Meminta maaf menjadi sebuah pelajaran penting untuk kami sekeluarga. Pada suatu malam, Zahra sudah sedemikian nakalnya. Zahra mencakar pipi Papanya sampai berdarah.
Kami pun memutuskan memberi hukuman untuk dia. Tapi kita tidak suka dengan konsep hukuman fisik. Jadi kami memberikan hukuman yang ringan untuk kita tapi berat untuk Zahra.
Zahra boleh bermain dimana pun di apartemen kami, tapi..... dia tidak boleh bermain di kasur bersama Mama dan Papanya. Zahra boleh bermain di kasur dengan syarat, dia meminta maaf kepada Papanya.
Kami merasa itu akan menjadi pembelajaran yang baik, karena selama ini kami memperhatikan, dia tidak pernah meminta maaf dan selalu merasa benar. Saat merebut mainan sepupunya Saskia, atau saat mencubit tantenya Bi Aina. Zahra tidak pernah mau meminta maaf.
Benar saja, Zahra memaksa main di kasur. Tapi tentu saja kami halangi karena dia belum meminta maaf. Semakin kami halangi, Zahra semakin marah dan mulai menangis bahkan berteriak-teriak. Tapi sayangnya dia tetap tidak mau meminta maaf.
"Zahra nggak mau minta maaf, kayak orang bodoh!" teriaknya yang juga membuat kami kaget. Inikah yang ada dipikirannya selama ini tentang meminta maaf.
"Zahra, kan Zahra sering lihat Papa minta maaf kalau punya salah sama Mama, juga sebaliknya. Meminta maaf itu tidak bodoh Zahra. Itu berarti Zahra anak shalihah kalau meminta maaf," kata Desti.
Dua jam lebih berlalu, Zahra tetap berteriak-teriak dan tidak mau minta maaf. Wajahnya terlihat lelah dengan air mata bercucuran. Kami sungguh tidak tega melihatnya. Padahal asal dia bilang maaf, dan semua ini berakhir. Sayang Zahra begitu keras kepala hingga dia kelelahan.
Desti pun memeluk dia sampai Zahra tertidur. Setelah Zahra ditidurkan, kami berpelukan. "Ma, kita coba lain kali ya," kata gue. Apa kami terlalu keras terhadap dia? Kami juga tidak mau menjadi orang tua yang kejam.

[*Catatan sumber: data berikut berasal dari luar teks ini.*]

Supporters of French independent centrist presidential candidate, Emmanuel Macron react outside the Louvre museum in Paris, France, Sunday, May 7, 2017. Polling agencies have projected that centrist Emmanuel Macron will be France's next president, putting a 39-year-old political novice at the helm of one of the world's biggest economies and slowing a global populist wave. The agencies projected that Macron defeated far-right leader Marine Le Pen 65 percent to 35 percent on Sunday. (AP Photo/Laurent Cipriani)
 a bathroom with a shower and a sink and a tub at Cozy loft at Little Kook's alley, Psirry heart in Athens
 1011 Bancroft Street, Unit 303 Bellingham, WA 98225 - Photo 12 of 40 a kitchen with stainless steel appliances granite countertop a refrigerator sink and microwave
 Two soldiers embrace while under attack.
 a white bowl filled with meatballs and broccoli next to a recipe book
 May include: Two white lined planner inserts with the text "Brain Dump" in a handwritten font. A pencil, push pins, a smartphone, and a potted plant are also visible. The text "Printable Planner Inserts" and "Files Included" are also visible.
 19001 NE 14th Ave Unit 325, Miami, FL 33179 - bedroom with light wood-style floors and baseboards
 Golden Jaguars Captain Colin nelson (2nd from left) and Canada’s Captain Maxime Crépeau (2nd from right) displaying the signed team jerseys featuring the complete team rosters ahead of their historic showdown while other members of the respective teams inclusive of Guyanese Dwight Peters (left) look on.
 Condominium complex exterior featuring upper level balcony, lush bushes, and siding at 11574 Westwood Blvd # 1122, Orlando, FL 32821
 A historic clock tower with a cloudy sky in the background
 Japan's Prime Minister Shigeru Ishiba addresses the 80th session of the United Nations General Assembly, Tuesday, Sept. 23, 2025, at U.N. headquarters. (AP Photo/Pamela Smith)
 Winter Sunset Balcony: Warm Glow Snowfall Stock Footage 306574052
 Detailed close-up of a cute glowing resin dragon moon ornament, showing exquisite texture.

Pada pagi harinya, Desti sedang menyiapkan sarapan dan gue membereskan kamar tidur. Zahra tiba-tiba berlari dari arah ruang makan dan memeluk gue.
"Papa, Zahra minta maaf," ujarnya dan gue bengong. Lalu dia pun lari ke dapur sambil gue susul dari belakang.
"Ma, Zahra udah minta maaf sama Papa," kata gue. Zahra pun lalu memeluk mama.
"Mama, Zahra minta maaf,"
Orang tua mana yang tidak luluh kalau anaknya meminta maaf dengan tulus. Kami pun memeluk Zahra erat-erat. Pelajaran meminta maaf kami ternyata berhasil. Dan Zahra pun duduk senang menikmati yoghurt strawberry kesukaannya sebagai hadiah.
Sejak saat itu meminta maaf menjadi lebih mudah untuk Zahra. Maaf saat dia menumpahkan jus jeruk. Maaf saat dia ribut waktu mamanya main gamelan di KBRI. Dan maaf-maaf yang lain.
Di sisi lain, kami pun selalu berusaha memberi contoh di depan dia saat kita saling meminta maaf. Meminta maaf adalah cara terbaik untuk menyelesaikan masalah. Meminta maaf tidak hanya menjadi pelajaran penting buat Zahra, tapi juga buat gue dan Desti.